The mental image I get is that you run it on your code:
unravel Population.applyToPop *.lhs *.hs
and you'd get a browseable, filtered view of the source code, the relevant bits highlighted, useful links in the right places, but not so many that you feel overwhelmed. I want it to be a standalone tool (like a graphical diff utility), something I can run without having to learn how to use your favourite IDE. Likewise, I want it to be quick and easy (again, the standard for ease being a graphical diff). I don't want to set up a project folder or whatever just so I can run the tool.

This is one annoying aspect of being a user, hell a consumer of any kind. I know I want something, but I don't know exactly what, except that I'd probably recognise it when I see it. The ideas in my head are muddled. If somebody sat me down for a user-interview, I'd just sort of ramble on incoherently for 10 minutes, get confused and wander off. Dear whoever, please build me an unraveller. Think like an Apple UI engineer here. Build the tool from user-experience-in, not from functionality-out. Don't listen to my precise demands, because I don't really know what I want. Just help me understand this code.

Anybody know what it is I'm looking for? (If you do have such a tool, a good exercise would be to run it on darcs. Can it help you figure out what a Slurpy is? How about a Population?)


2006-12-22

Denotational semantics

Apfelmus from IRC just wrote what looks like a very nice chapter on denotational semantics. I am reading it now and learning lots. Why not check it out and post comments on the talk page? I'm sure he'll appreciate any comments the Haskell community might have, or anyone with an interest for that matter.

Thanks, afpelmus; what a great Christmas present!


2006-12-17

It's alive!

Hier sur #haskell.fr, on était plus que 2 personnes pour la première fois. Grace aux iniatives de Nanar et cie, il est possible qu'un veritable communauté francophone d'Haskelliens (?) verra le jour.

Sorry for that attempt at parlezing français. I'm pleased to see that the French Haskell community has now increased two-fold to an amazing four people (on the #haskell.fr at least). Venez nombreux or something. It'll be fun. Thanks to Nanar for kickstarting things with a wiki/mailing list/channel creation initative.


2006-12-10

rewriting PLEAC Haskell?

One complaint I have heard about the Haskell cookbook is that it is rather unidiomatic and thus not very helpful for people trying to learn Haskell. For example, one particularly shocking thing the implementation does is to shadow (.) operator to make more "object-like": o . f = f o (reverse dollar? euro?). This leads to snippets of code which, as one of the wikibook commentors put it, are barely recognisable as Haskell:
s''' = s1.split " ".reverse.join " "


PLEAC Haskell in its present form is not very suitable for educational purposes, but what if the Haskell community ran through and cleaned it up? Only the first two chapters are implemented anyway, so it doesn't seem to be all that much; the only substantial thing to rewrite perhaps being in soundex code. I personally cannot invest any time in this, being already behind in other projects like darcs and wxhaskell, but it might be a fun project for Haskell enthusiasts, or even yellow-belt Haskellers trying to come to grips with the language.

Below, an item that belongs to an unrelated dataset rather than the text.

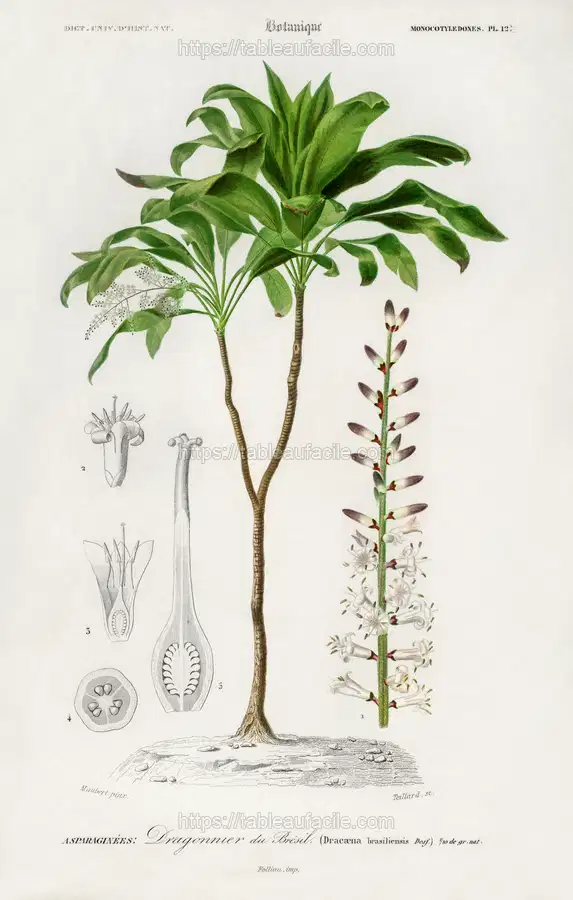 Dracaena brasiliensis illustrated by Charles Dessalines D_ Orbigny apercu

If interested, you should probably subscribe to their mailing list and maybe bounce around some ideas on the Haskell café. Another thing to consider is contacting the original author Yoann. It would be good to get him on board, maybe with a little gentle persuasion. I mean, he probably thought it was a good idea to make the language more recognisable to newcomers. Nice thought... but maybe he would now agree that newbies would be better off with more idiomatic Haskell.